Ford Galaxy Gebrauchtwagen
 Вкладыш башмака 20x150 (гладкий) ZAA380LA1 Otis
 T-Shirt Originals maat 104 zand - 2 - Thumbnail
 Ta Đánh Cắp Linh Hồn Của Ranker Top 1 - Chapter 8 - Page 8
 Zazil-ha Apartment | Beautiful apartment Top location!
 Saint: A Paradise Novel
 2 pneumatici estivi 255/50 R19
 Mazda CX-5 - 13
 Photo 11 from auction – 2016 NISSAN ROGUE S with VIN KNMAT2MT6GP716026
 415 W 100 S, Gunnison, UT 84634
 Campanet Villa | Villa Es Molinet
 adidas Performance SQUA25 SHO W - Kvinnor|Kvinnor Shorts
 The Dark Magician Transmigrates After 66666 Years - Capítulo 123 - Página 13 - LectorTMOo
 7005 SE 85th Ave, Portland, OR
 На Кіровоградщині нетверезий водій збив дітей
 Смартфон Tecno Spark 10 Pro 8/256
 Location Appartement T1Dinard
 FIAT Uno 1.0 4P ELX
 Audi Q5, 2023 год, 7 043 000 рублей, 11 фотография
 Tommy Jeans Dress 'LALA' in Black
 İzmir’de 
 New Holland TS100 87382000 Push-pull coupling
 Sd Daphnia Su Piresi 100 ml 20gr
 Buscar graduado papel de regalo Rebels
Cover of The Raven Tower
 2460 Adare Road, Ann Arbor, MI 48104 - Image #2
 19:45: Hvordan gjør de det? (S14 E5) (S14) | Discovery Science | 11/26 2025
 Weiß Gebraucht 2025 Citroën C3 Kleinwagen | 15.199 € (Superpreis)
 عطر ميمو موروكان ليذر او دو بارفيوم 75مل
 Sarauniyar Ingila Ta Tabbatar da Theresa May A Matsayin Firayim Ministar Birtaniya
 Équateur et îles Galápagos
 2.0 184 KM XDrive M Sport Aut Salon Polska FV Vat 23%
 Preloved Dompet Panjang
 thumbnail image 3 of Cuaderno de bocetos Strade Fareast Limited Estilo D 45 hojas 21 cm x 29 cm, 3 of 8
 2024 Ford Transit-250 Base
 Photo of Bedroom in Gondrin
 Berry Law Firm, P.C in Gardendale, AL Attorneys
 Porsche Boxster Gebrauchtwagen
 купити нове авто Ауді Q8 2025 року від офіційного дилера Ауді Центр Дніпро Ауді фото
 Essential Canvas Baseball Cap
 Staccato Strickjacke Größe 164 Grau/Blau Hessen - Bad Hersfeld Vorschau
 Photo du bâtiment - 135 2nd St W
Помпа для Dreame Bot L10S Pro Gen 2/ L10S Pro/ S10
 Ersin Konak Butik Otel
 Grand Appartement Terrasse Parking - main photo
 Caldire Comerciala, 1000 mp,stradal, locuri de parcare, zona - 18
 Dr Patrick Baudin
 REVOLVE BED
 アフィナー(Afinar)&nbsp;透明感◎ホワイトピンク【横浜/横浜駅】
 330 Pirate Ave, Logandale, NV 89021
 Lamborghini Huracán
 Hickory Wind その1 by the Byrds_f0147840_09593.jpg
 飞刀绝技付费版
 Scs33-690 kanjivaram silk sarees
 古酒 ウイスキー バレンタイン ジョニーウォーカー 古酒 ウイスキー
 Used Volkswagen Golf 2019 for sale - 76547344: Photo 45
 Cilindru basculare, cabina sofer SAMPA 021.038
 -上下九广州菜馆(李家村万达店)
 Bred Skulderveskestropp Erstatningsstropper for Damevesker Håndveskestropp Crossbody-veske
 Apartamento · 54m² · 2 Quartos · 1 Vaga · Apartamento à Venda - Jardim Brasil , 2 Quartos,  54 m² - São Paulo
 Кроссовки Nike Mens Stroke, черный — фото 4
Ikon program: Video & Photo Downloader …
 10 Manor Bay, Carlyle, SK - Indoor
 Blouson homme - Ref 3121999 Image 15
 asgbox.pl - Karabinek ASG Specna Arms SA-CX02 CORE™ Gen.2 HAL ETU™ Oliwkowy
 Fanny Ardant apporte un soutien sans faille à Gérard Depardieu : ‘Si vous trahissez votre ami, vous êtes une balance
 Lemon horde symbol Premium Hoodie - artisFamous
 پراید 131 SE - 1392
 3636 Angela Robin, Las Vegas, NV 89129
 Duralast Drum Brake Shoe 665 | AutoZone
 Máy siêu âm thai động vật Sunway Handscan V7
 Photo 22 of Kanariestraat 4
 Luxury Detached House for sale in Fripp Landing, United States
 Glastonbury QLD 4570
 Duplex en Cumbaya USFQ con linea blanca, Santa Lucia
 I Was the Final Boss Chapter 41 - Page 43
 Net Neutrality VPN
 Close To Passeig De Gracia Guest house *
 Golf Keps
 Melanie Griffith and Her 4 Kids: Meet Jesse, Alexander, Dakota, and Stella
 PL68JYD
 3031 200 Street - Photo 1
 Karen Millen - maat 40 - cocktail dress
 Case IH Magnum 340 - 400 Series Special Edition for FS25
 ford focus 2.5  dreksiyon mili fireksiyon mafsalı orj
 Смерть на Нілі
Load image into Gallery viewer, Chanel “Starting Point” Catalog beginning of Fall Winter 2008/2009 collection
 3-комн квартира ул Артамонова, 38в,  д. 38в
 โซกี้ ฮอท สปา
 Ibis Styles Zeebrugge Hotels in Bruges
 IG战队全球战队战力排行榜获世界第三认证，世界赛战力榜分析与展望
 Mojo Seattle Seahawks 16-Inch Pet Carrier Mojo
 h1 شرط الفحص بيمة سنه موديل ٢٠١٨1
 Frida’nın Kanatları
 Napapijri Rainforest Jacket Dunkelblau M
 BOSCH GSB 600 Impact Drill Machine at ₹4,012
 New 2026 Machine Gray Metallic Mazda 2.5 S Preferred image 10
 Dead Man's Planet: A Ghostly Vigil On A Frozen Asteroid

What to work on: Above are the records; from them, give again exactly the lines from the one containing "ford focus 2.5" through the one containing "IG战队全球战队战力排行榜获世界第三认证，世界赛战力榜分析与展望", both included.

Solution to this task:
 ford focus 2.5  dreksiyon mili fireksiyon mafsalı orj
 Смерть на Нілі
Load image into Gallery viewer, Chanel “Starting Point” Catalog beginning of Fall Winter 2008/2009 collection
 3-комн квартира ул Артамонова, 38в,  д. 38в
 โซกี้ ฮอท สปา
 Ibis Styles Zeebrugge Hotels in Bruges
 IG战队全球战队战力排行榜获世界第三认证，世界赛战力榜分析与展望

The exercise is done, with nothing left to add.